* _Activity_:
Repeat the listing word for word. No pictures belong in the copy.

* _Dataset entries_:

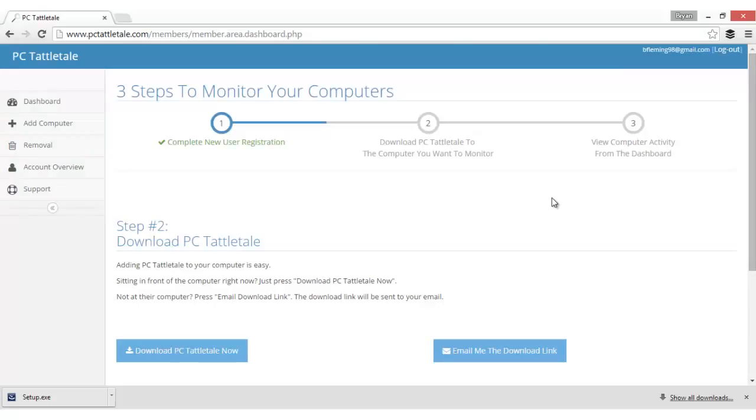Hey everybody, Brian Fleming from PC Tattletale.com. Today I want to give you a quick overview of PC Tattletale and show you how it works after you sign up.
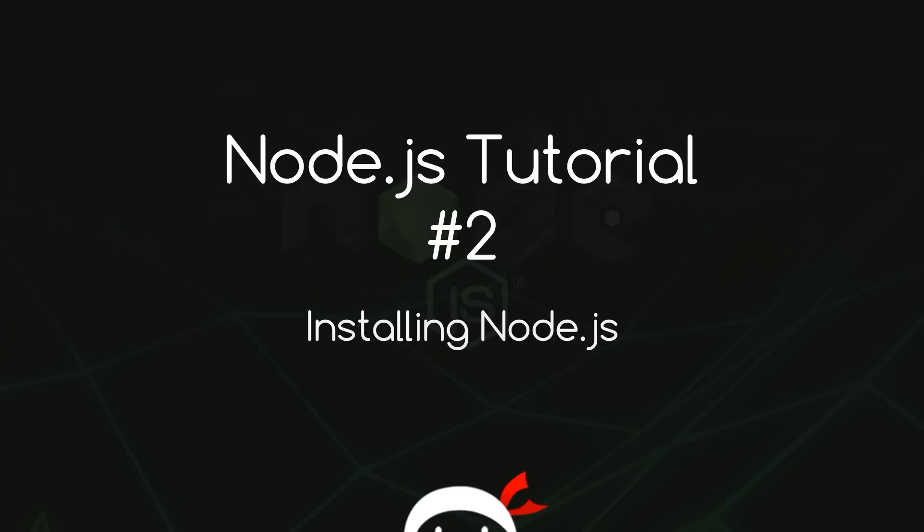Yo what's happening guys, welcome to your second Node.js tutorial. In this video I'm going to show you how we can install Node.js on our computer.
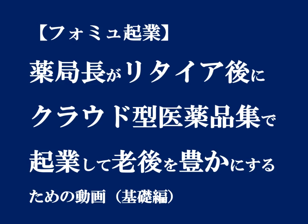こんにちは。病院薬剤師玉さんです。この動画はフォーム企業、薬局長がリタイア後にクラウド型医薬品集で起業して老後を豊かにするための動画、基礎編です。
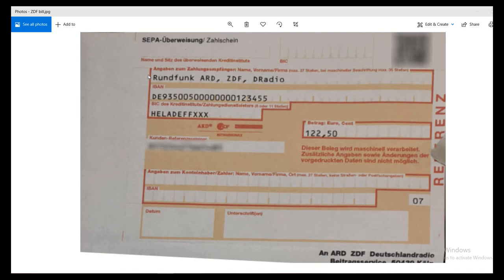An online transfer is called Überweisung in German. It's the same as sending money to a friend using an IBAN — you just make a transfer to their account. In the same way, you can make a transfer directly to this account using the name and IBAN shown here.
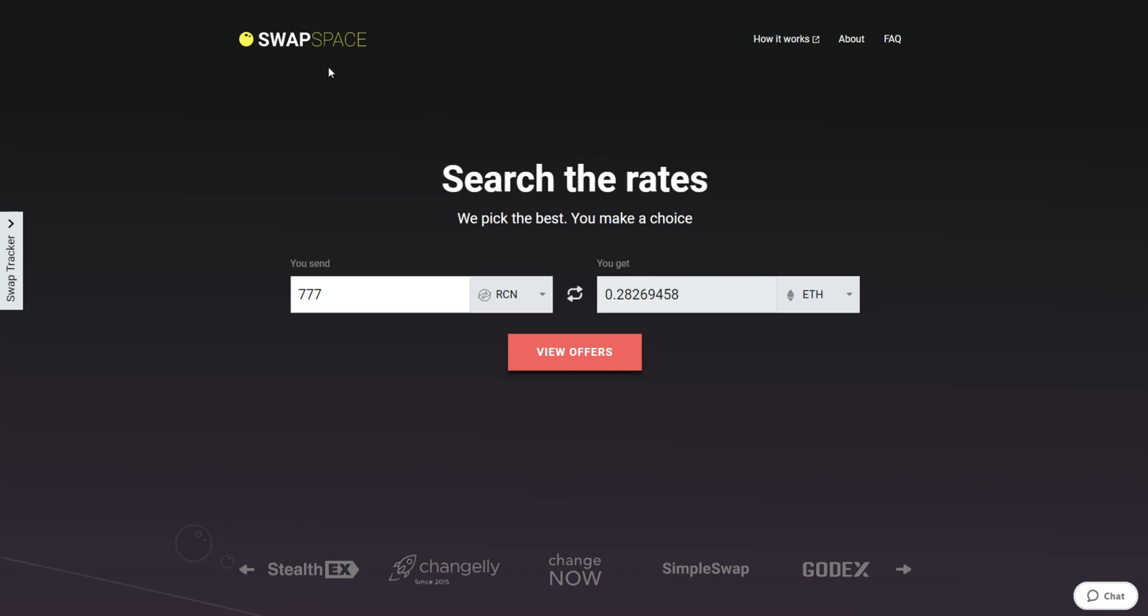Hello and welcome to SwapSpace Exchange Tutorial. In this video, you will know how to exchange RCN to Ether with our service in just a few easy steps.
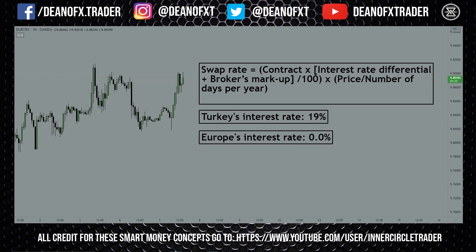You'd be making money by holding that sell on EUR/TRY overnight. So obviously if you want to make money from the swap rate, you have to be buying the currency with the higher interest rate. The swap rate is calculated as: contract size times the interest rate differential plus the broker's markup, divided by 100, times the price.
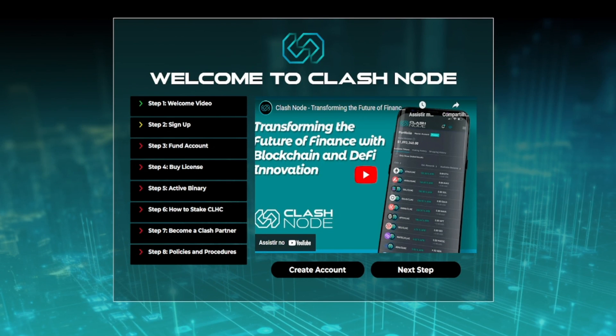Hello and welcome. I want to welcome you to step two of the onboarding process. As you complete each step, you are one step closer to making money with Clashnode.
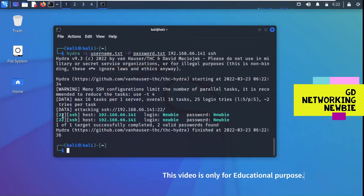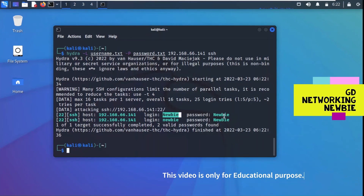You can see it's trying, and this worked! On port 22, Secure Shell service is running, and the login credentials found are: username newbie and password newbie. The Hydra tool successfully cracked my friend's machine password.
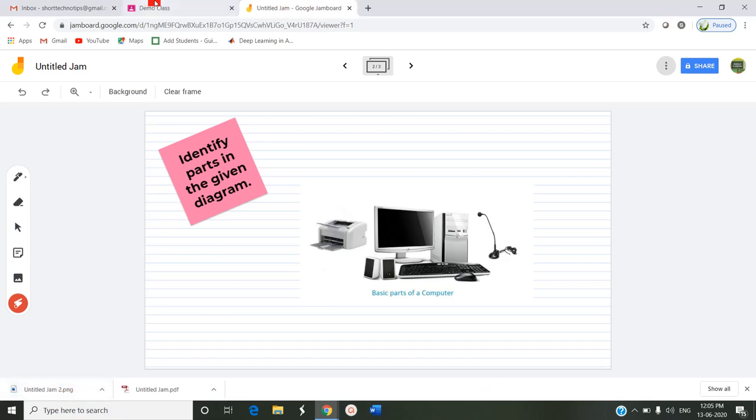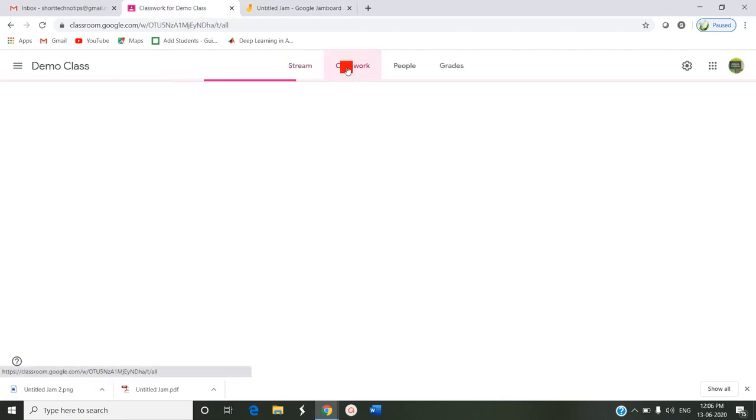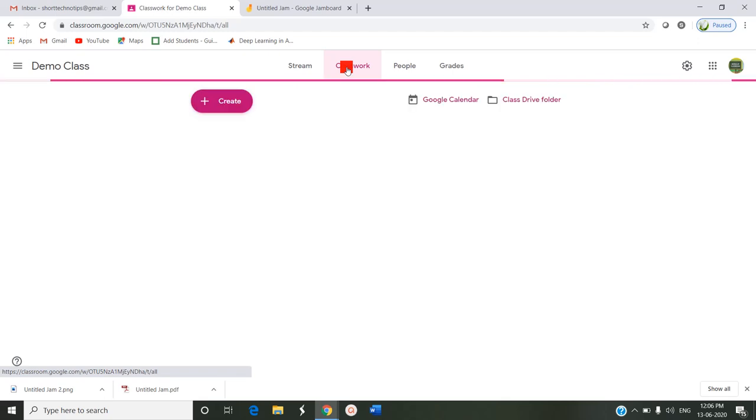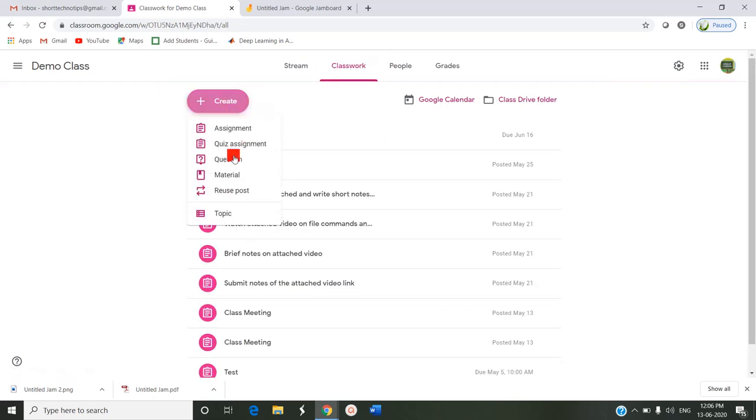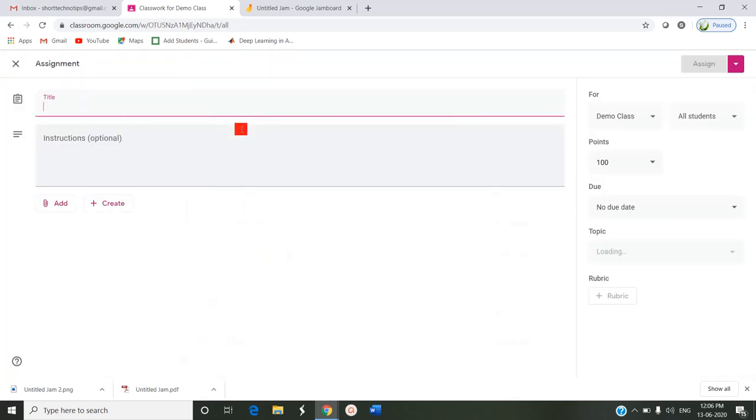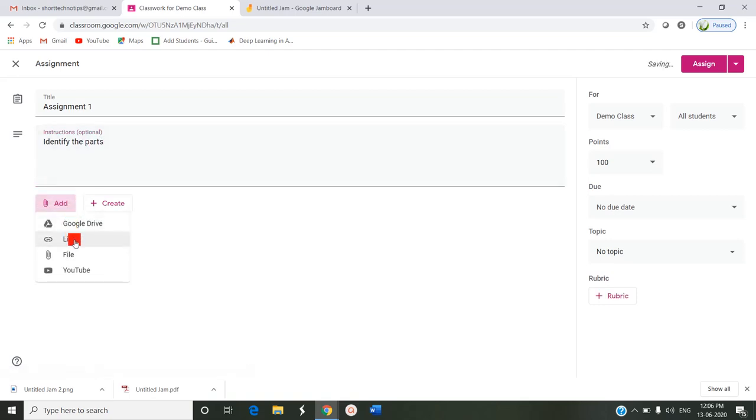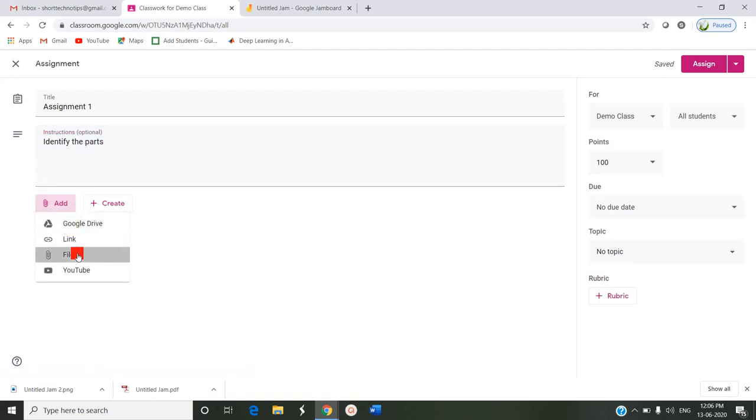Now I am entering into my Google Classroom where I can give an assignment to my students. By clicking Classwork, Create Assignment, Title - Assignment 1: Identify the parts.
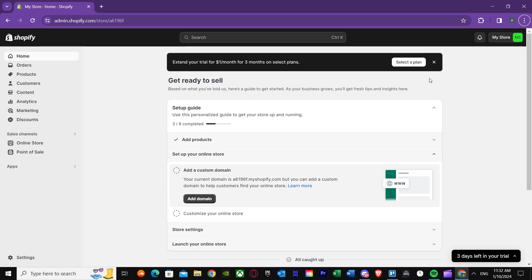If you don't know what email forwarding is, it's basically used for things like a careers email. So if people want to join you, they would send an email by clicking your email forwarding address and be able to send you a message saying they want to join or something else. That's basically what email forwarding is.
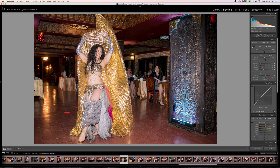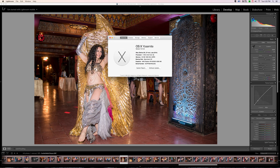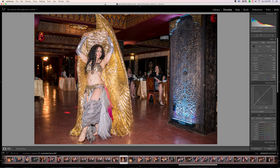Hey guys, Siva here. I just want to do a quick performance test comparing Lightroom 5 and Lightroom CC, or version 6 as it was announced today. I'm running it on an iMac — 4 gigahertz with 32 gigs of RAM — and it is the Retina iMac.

* _Your response_:
Hey everybody, Brian Fleming from PC Tattletale.com. Today I want to give you a quick overview of PC Tattletale and show you how it works after you sign up.
Yo what's happening guys, welcome to your second Node.js tutorial. In this video I'm going to show you how we can install Node.js on our computer.
こんにちは。病院薬剤師玉さんです。この動画はフォーム企業、薬局長がリタイア後にクラウド型医薬品集で起業して老後を豊かにするための動画、基礎編です。
An online transfer is called Überweisung in German. It's the same as sending money to a friend using an IBAN — you just make a transfer to their account. In the same way, you can make a transfer directly to this account using the name and IBAN shown here.
Hello and welcome to SwapSpace Exchange Tutorial. In this video, you will know how to exchange RCN to Ether with our service in just a few easy steps.
You'd be making money by holding that sell on EUR/TRY overnight. So obviously if you want to make money from the swap rate, you have to be buying the currency with the higher interest rate. The swap rate is calculated as: contract size times the interest rate differential plus the broker's markup, divided by 100, times the price.
Hello and welcome. I want to welcome you to step two of the onboarding process. As you complete each step, you are one step closer to making money with Clashnode.
You can see it's trying, and this worked! On port 22, Secure Shell service is running, and the login credentials found are: username newbie and password newbie. The Hydra tool successfully cracked my friend's machine password.
Now I am entering into my Google Classroom where I can give an assignment to my students. By clicking Classwork, Create Assignment, Title - Assignment 1: Identify the parts.
If you don't know what email forwarding is, it's basically used for things like a careers email. So if people want to join you, they would send an email by clicking your email forwarding address and be able to send you a message saying they want to join or something else. That's basically what email forwarding is.
Hey guys, Siva here. I just want to do a quick performance test comparing Lightroom 5 and Lightroom CC, or version 6 as it was announced today. I'm running it on an iMac — 4 gigahertz with 32 gigs of RAM — and it is the Retina iMac.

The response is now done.